Sudah enam bulan Kevin dan Maya saling bertukar pesan, berbagi cerita, dan tertawa melalui layar ponsel. Perkenalan mereka di media sosial tanpa sengaja membawa keduanya pada kedekatan yang tak terduga. Intensitas komunikasi yang tinggi membuat Kevin merasa ada koneksi istimewa dengan gadis yang belum pernah ia temui secara langsung itu. Hari ini, janji itu akhirnya tiba. Pertemuan pertama yang mereka sepakati di kafe Puncak Angin, tempat yang Maya sebutkan memiliki pemandangan kota yang luar biasa dan suasana yang romantis.

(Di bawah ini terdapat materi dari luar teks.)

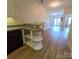 Stylish kitchen with an island counter and a view into the main living area at 1410 4Th Street Nw Dr # 303, Hickory, NC 28601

“Sudah jam segini, kok belum datang ya?” gumam Kevin, jarinya mengetuk-ngetuk meja kayu di depannya. Secangkir kopi yang tadinya mengepulkan aroma nikmat kini sudah mendingin.
Tiba-tiba, dari arah jalan setapak, muncul seorang gadis dengan rambut panjang yang tergerai indah. Langkahnya ringan, senyumnya merekah secerah mentari pagi. Kevin langsung mengenali siluet itu dari foto profil Maya. Jantungnya berdebar kencang.
“Kevin?” sapa gadis itu dengan suara lembut yang persis seperti yang ia dengar selama ini di rekaman suara.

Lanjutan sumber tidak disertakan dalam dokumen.